Everything works well when I use a PPA for GIMP in 18.04. Now that I have upgraded to 20.04, I chose to install GIMP from Ubuntu Software. Which people say is a Snap.
I use GIMP and G’MIC. Looks like the snap GIMP in 20.04 does not support G’MIC. I asked G’MIC on possible workarounds and they said they don’t know and better ask the people who build packages ( for GIMP ? ). I believe that is here and this is a valid question.
I am sure that a lot of people who use Ubuntu rely on GIMP and G’MIC. Any help will be great. Thanks.
The problem is that I can’t account for every possible third-party application or plugin ahead of time to bundle them into the snap.
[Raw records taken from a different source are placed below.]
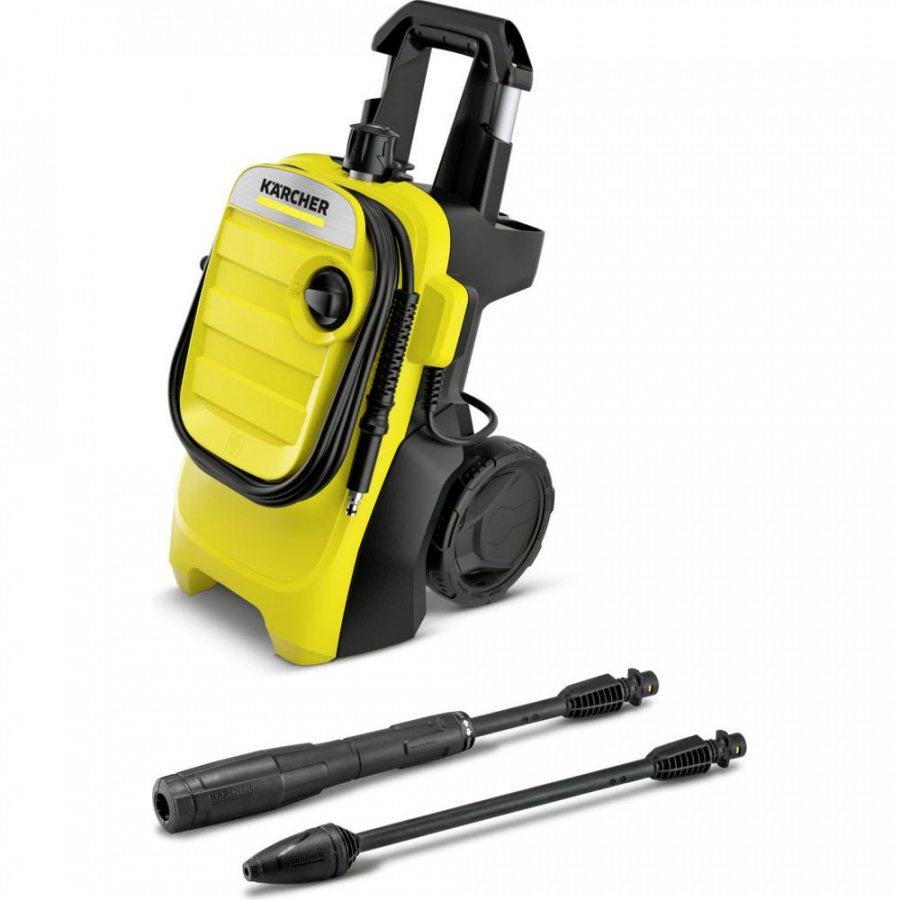 Аппарат высокого давления Karcher K 4 Compact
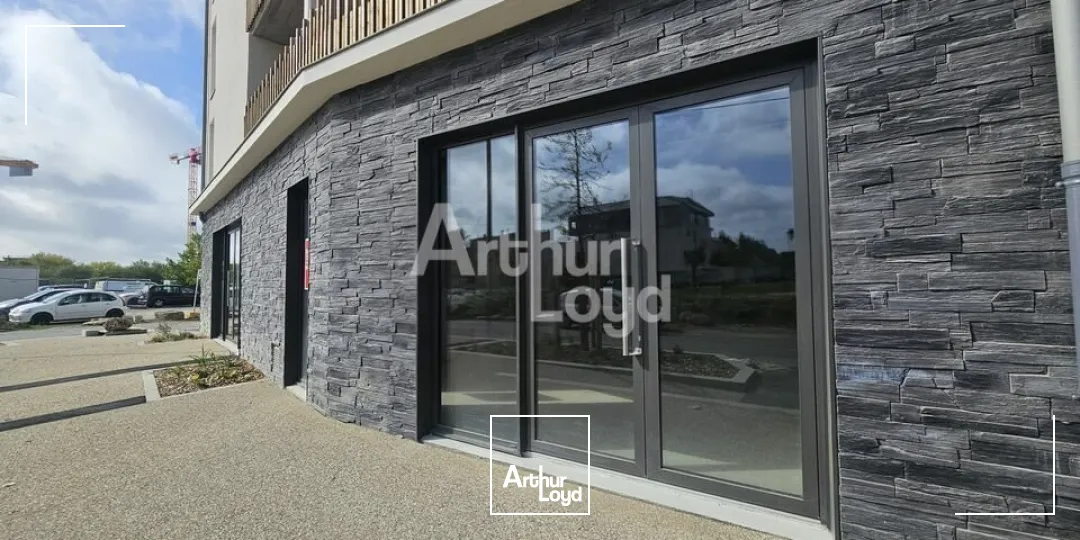 Locaux commerciaux - Vente - AVRILLÉ - 49240 - 83.3-83.3 - 7738082
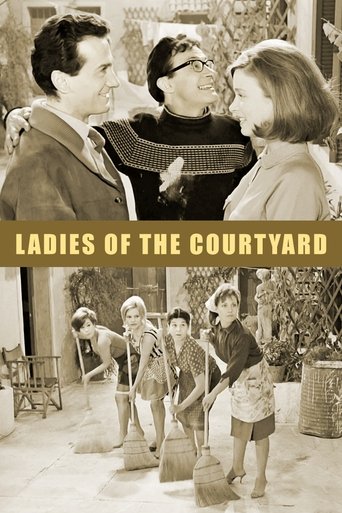 Ladies of the Courtyard Poster of Ladies of the Courtyard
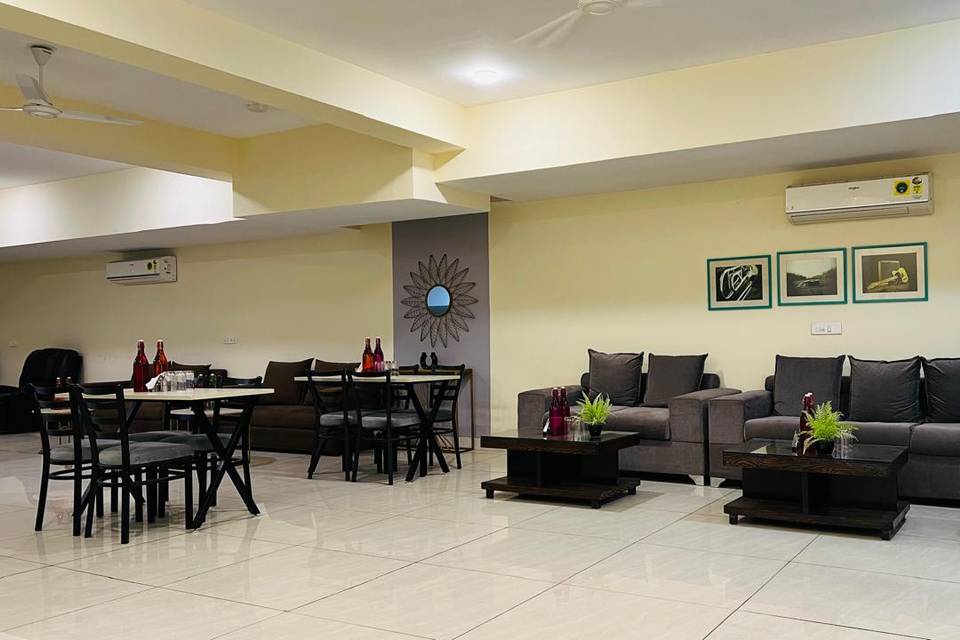 Event space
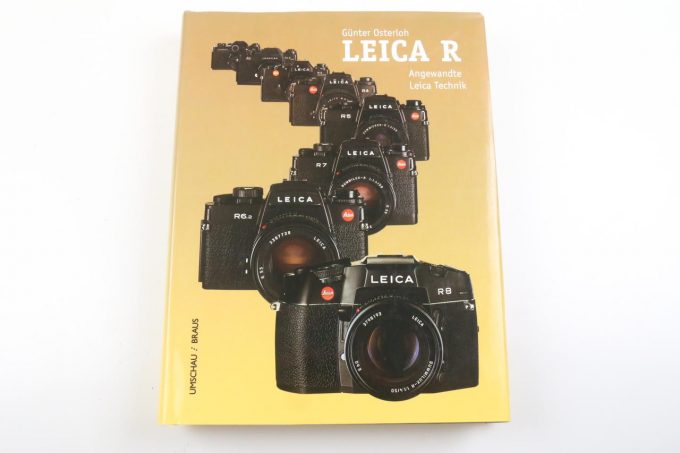Leica Leica R Angewandte Leica Technik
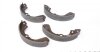 Комплект гальмівних колодок PARTS KAVO KBS-8905 (фото 3)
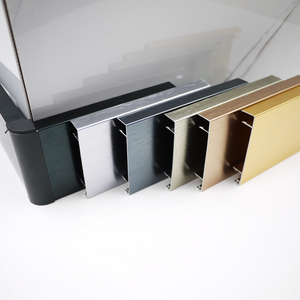 LENWA <span class=keywords><strong>Plinthe</strong></span> en aluminium à bas prix pour <span class=keywords><strong>plinthe</strong></span> murale - Product Image 6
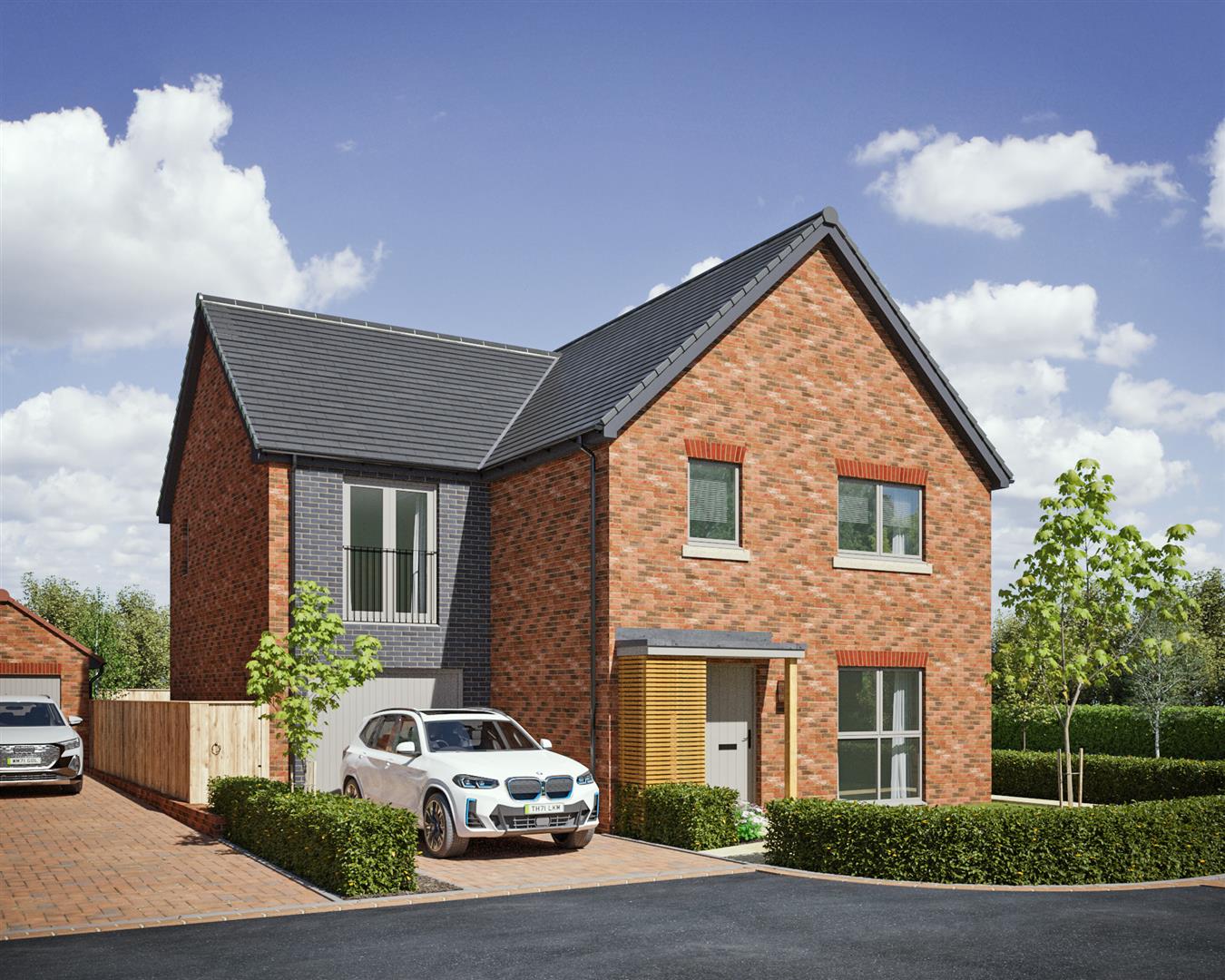 Kempster's Reach, Off High Street, Worton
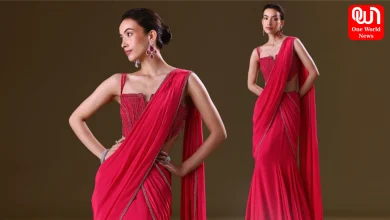 Saree Draping Tips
If I were to add GMIC then that opens the door to constantly be adding more stuff making the snap bigger for everyone even if they aren’t necessarily using all the features. The correct solution to this will be to investigate the possibility of using the content interface to package addons into additional snaps, but this is difficult and may not work correctly anyway…
G’MIC is not really “one of the every possible third-party plug-in” for GIMP.
It’s one of the top three in the list of the most used plug-ins. Maybe including the 5 or 6 most popular plug-ins in the GIMP snap wouldn’t hurt that much and would please a lot of people ?
Would it be possible to add plugins into SNAP_USER_COMMON?
For Arduino, I made it possible for users add new themes and install plugins. I did this by pointing Arduino to use SNAP_USER_COMMON as plugin and theme dir.
There are already many people who have tried to make a selection of the most popular plug-ins, and surprisingly it’s always the same plug-ins that are found to be useful.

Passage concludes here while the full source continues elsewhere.